I have been making an excel spreadsheet of all nuclides with half-lifes 20 hours or longer. If you look on the any of Wikipedia's "Isotopes of [insert any found element here]" pages, you will see lists of all the known isotopes for a given element. On some isotopes, you will see more than 1 row for the given isotope. Examples can be found on the Isotopes of Antimony page. Antimony-106, 114, 116, 118, 119, 120, 122, 124, 126, 128, 129, 130, 132, 134, and 136 all have additional rows with an "m" added on to the isotope name. Some, such as 126 and 129 have more than one. At the bottom of the page, I see a note saying that m= "excited nuclear isomers". So, I go to the Wikipedia's page on nuclear isomers.
From what I gather from this page, nuclear isomers are excited atomic nuclei. They can be very short and long lived. But, I am still pretty lost. For example, I can't find anything that says HOW the nucleus gets excited. Then, the page says:
Nuclear isomers have long half-lives because their gamma decay is "forbidden" from the large change in nuclear spin needed to emit a gamma ray.
So, this claims isomers last longer, but that seems to be the case less often than not. All three isomers of antimony-126 and 129 are shorter than the ground state. However this is not always the case as Tin-121m1 has a longer half-life than its ground state.

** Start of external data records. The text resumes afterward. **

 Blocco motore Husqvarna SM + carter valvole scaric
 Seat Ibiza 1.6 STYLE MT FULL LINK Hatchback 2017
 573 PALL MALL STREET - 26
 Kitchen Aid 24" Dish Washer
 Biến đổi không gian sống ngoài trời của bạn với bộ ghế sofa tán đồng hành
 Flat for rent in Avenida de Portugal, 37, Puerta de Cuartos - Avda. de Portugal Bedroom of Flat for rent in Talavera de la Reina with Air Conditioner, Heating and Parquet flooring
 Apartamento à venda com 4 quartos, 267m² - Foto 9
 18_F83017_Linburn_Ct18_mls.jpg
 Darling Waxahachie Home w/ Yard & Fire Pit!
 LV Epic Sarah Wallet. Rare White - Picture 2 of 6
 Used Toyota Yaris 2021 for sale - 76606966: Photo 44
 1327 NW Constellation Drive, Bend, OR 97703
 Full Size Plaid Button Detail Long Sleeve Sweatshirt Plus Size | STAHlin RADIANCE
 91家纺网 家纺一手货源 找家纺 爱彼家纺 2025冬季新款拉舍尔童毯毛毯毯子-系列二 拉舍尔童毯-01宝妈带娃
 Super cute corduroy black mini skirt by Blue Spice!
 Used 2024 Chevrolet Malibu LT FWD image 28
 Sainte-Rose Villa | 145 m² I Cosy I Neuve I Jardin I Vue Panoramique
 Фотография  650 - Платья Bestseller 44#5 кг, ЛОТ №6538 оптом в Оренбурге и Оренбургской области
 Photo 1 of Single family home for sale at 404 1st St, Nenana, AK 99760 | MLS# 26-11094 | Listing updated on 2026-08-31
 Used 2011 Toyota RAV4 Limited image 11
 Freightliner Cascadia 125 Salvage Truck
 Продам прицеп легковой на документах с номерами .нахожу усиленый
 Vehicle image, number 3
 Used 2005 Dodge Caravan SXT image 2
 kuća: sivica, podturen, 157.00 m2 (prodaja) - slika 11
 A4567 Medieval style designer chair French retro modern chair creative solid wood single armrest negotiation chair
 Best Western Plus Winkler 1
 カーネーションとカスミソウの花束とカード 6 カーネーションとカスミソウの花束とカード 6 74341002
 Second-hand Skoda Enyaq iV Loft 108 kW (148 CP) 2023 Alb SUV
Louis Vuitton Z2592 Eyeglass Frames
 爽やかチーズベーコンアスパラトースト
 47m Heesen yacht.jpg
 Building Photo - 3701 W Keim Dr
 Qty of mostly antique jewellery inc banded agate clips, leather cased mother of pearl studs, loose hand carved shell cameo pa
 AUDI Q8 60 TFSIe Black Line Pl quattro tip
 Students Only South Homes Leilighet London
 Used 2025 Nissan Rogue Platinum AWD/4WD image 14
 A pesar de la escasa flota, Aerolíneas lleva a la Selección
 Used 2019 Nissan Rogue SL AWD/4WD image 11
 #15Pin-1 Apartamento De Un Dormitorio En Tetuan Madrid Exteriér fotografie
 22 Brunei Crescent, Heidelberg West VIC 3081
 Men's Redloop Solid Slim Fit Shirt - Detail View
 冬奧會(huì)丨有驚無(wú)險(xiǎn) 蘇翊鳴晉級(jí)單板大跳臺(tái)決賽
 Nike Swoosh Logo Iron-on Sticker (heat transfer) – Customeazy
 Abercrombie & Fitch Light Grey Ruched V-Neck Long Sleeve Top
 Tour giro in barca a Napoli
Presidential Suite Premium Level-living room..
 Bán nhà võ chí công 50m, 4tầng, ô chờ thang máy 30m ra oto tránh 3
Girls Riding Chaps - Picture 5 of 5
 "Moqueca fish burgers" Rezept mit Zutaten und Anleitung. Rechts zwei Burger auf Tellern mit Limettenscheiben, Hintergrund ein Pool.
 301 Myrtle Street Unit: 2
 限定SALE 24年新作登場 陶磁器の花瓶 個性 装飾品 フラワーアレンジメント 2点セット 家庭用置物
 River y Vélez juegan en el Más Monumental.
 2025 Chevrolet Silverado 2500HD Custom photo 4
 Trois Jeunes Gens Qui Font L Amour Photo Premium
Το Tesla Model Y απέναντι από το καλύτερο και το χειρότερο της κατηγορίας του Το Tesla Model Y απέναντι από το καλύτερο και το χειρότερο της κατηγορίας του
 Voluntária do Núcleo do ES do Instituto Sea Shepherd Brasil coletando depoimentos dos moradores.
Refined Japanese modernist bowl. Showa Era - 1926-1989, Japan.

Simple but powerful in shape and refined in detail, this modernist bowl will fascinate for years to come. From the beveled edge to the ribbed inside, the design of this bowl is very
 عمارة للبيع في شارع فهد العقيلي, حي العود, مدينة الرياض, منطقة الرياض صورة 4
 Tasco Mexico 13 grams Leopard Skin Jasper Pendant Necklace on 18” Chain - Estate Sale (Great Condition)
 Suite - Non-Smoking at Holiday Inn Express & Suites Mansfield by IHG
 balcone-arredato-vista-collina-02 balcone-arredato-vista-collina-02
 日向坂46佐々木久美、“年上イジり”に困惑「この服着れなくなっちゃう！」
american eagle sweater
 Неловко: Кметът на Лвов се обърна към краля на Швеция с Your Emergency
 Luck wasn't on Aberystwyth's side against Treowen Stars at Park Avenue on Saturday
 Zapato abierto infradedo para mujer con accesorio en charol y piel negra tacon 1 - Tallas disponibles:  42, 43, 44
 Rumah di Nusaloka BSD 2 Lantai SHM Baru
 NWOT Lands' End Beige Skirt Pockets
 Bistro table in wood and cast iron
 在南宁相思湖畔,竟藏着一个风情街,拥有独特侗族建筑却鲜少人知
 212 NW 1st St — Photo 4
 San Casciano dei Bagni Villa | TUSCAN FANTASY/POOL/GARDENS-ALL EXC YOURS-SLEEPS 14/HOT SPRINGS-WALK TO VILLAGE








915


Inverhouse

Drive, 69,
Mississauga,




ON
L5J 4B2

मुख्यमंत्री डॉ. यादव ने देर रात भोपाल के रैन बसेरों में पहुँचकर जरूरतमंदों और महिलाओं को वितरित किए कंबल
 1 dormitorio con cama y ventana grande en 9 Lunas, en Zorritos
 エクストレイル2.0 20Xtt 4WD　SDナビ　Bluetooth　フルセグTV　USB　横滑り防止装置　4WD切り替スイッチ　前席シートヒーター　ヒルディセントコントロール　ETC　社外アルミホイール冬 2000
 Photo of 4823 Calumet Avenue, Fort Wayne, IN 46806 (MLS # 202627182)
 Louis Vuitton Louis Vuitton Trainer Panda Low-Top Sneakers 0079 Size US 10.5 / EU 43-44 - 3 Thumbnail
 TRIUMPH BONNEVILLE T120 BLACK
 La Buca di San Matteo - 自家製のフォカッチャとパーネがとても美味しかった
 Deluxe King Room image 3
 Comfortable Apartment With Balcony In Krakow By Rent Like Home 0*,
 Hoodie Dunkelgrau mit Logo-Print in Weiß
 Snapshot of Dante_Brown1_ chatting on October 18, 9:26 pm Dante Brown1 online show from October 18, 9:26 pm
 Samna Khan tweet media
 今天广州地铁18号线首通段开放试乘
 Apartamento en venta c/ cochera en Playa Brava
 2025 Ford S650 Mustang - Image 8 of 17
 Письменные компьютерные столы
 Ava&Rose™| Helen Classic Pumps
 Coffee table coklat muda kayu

Then, there is a whole section for "Metastable Isomers", but I thought they were ALL metastable, afterall, the intro says:
A nuclear isomer is a metastable state of an atomic nucleus, in which one or more nucleons (protons or neutrons) occupy higher energy levels than in the ground state of the same nucleus.
Which brings up another point, when there is more than one isomer for a given isotope, what makes the isomers different? For example, if 1 proton is excited will the product always be the same isomer, or if a different proton is excited, will that change the isomer? Basically, are protons fungible? Are neutrons fungible? Are nucleons fungible? Also, is there any way to tell whether it is a proton or neutron that is excited, and which ones?
Also, how do these isomers affect binding energy? Does an excited proton/neutron increase/decrease the binding energy?
I will point out that the basics of this question have already been asked 10 years ago here. However, the only answer was by a nuclear physicist grad student who had never heard of nuclear isomers, though he deduced what they were in his answer. I bet he is well-versed in isomers, by now. I would like some specifics, here. Thanks for your help.